Todas las dificultades iniciales –lo que pudiera llamarse la prehistoria– han quedado vencidas hacia el 1900. Los veinticinco años siguientes forman la etapa que denominamos del disco acústico, es decir, de las grabaciones mecánicas en las que el sonido hace vibrar directamente un diafragma al que se halla unida una aguja grabadora o «estilete» que marca el surco en una placa de cera virgen, la cual, una vez metalizada, se convierte en la matriz. Este proceso favorecería, sobre todo, la voz humana, especialmente la masculina; los altos harmónicos de la voz femenina y de ciertos instrumentos, como el violín, se perdían sin llegar al disco. De aquí que al escuchar hoy los discos de las grandes sopranos de la época, de Patti, Boninsegna, Boronat, Selma Kurz o Tetrazzini, nos den la impresión de que cantan detrás de una pesada cortina. Sin embargo, la voz masculina resuena brillante y neta, sobre todo en los barítonos; la serie de magníficos Battistinis, registrada en Varsovia en 1903, es el mejor ejemplo de ello. Así, el gramófono vino a surgir, por fortuna, en el instante mismo en que la tradición del bel canto estaba a punto de desaparecer. Los discófilos llaman a esta época –hasta el año 1910– «la edad de oro», porque en ella el gramófono recoge los últimos ecos de una escuela de canto que floreció brillantemente a lo largo del siglo XIX en la atmósfera de invernadero de los dorados teatros de ópera, de los salones isabelinos y eduardianos, de una sociedad exquisita y refinada, de una vida lenta y sólida. Pero que no pudo resistir los vientos fríos que comenzaron a barrerlo todo cuando la explosión de 1914 rompió las cristalerías. Los discos de esa época son los «incunables» del futuro: son los «G & T» de la Compañía del Gramófono, en cuyas etiquetas aún no ha surgido el famoso perro, los clásicos Fonotipias italianos, los primitivos Columbias y Odeones. Desde ellos cantan las voces mejor timbradas e impostadas, de más aliento y depurada escuela, de la más estricta disciplina y fastidioso buen gusto que haya producido nuestro siglo.
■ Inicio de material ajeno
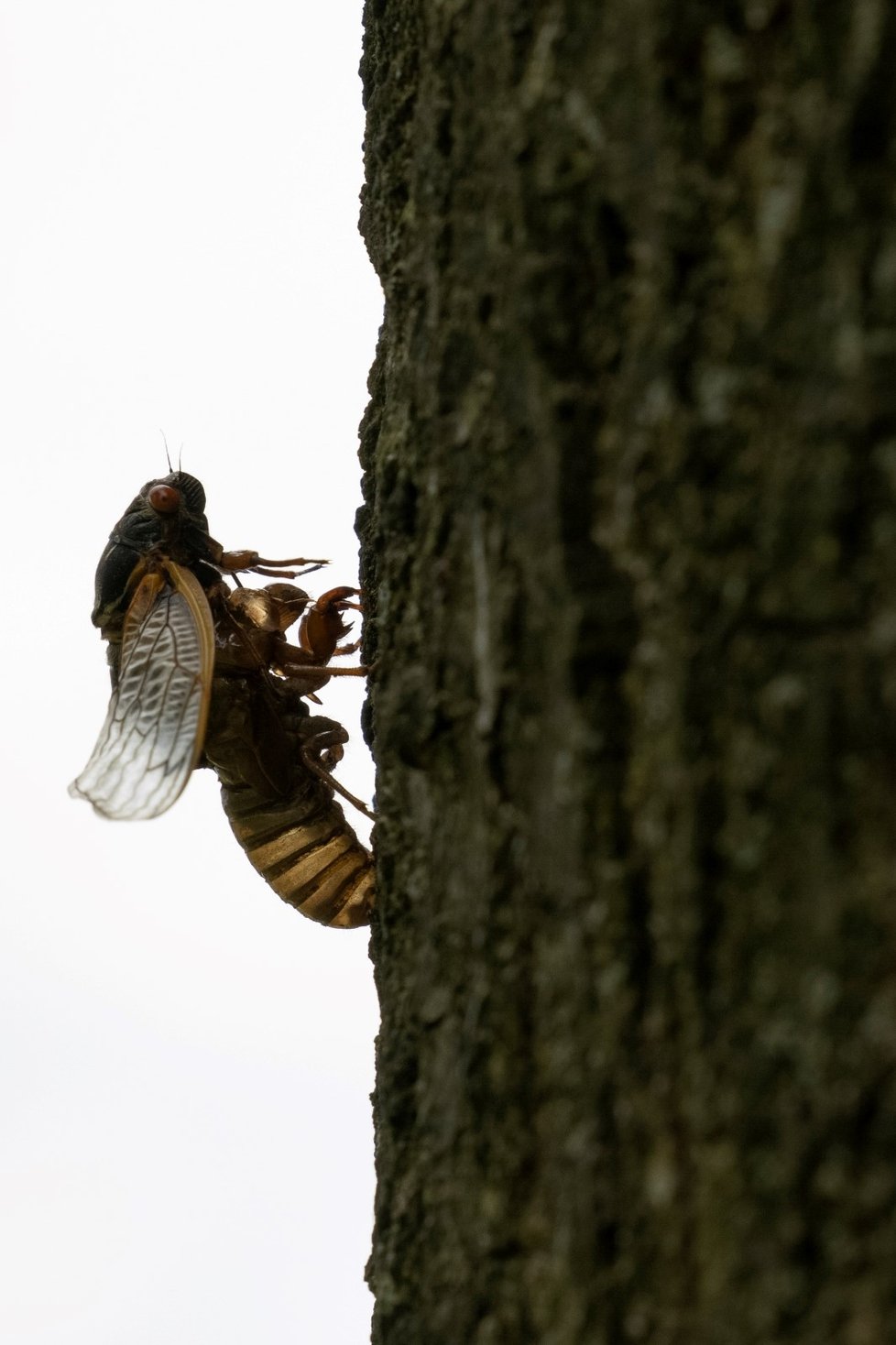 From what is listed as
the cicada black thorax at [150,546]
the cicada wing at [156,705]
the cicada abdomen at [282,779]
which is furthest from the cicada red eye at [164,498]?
the cicada abdomen at [282,779]

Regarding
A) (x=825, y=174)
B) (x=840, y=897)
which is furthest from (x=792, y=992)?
(x=825, y=174)

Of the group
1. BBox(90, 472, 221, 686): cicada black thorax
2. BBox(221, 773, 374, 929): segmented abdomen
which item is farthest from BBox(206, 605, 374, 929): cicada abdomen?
BBox(90, 472, 221, 686): cicada black thorax

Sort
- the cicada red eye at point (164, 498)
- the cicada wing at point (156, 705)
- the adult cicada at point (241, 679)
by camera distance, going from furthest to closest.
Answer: the cicada red eye at point (164, 498) → the adult cicada at point (241, 679) → the cicada wing at point (156, 705)

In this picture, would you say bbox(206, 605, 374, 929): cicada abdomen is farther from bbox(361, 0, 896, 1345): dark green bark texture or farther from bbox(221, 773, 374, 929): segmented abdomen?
bbox(361, 0, 896, 1345): dark green bark texture

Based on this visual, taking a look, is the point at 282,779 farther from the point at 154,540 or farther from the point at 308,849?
the point at 154,540

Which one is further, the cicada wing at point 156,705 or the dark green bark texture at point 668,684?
the cicada wing at point 156,705

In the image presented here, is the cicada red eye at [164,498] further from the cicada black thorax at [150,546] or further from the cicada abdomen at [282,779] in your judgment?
the cicada abdomen at [282,779] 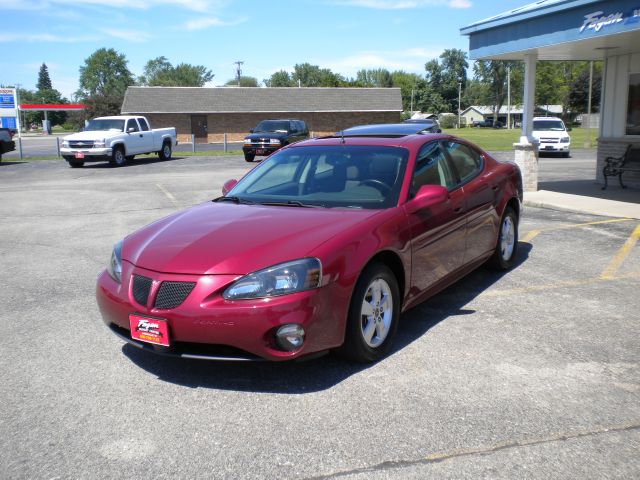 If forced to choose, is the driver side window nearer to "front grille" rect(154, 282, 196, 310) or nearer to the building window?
"front grille" rect(154, 282, 196, 310)

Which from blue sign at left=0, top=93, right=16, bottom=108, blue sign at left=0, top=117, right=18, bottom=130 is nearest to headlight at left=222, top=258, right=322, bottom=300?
blue sign at left=0, top=93, right=16, bottom=108

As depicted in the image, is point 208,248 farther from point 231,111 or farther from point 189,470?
point 231,111

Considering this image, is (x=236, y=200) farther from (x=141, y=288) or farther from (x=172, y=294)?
(x=172, y=294)

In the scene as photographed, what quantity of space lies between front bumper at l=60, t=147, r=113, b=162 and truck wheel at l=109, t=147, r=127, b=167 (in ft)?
1.03

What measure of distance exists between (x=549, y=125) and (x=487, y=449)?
26429mm

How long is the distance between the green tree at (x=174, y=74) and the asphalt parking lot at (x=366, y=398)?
15101cm

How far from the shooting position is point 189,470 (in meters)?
3.14

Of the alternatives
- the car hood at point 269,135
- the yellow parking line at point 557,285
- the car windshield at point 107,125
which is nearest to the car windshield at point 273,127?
the car hood at point 269,135

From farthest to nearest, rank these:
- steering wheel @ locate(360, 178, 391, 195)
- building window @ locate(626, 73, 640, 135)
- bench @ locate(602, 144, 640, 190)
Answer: building window @ locate(626, 73, 640, 135)
bench @ locate(602, 144, 640, 190)
steering wheel @ locate(360, 178, 391, 195)

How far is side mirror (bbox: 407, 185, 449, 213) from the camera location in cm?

Caruso, por ejemplo, que dio al gramófono la dignidad y altura artística que aún le faltaba en 1903, año de sus primeras grabaciones. Generosamente, el gramófono respondió dando al divo no sólo millones, sino también la más alta fama que un cantante haya conocido en la historia; si Caruso «hizo» el gramófono, también el gramófono «hizo» a Caruso. Y a otros tenores y tenorinos que ya sólo son un nombre o una imagen vaga en la memoria de nuestras abuelas: el magnífico Fernando de Lucia, Tamagno el poderoso, a quien Verdi eligió para estrenar su «Otello»; el increíble Jadlowker, Anselmi el Exquisito, Viñas, Bonci y los rusos Smirnoff y Sobinoff. Entre los barítonos sobresale Battistini, «la gloria d'Italia», que en discos como el Eri tu («Ballo in Maschera») y O Lisbona («Don Sebastiano»), dejó muestras insuperables del más puro bel canto. Titta Ruffo, Reanaud, Ancona, De Luca, Sammarco, Scotti, son nombres que prueban la riqueza de una época. De los bajos, quizá sea Plançon el modelo, aunque la personalidad de Chaliapine surge ya poderosa en sus primeros discos. Como hemos dicho, las sopranos y contraltos no suenan con la brillantez que indudablemente habían de tener sus voces, pero la escuela y la maestría son evidentes. Entre ellas destaca un grupo de españolas: Patti, Boronat, Huguet, Barrientos, Galvany, Bori.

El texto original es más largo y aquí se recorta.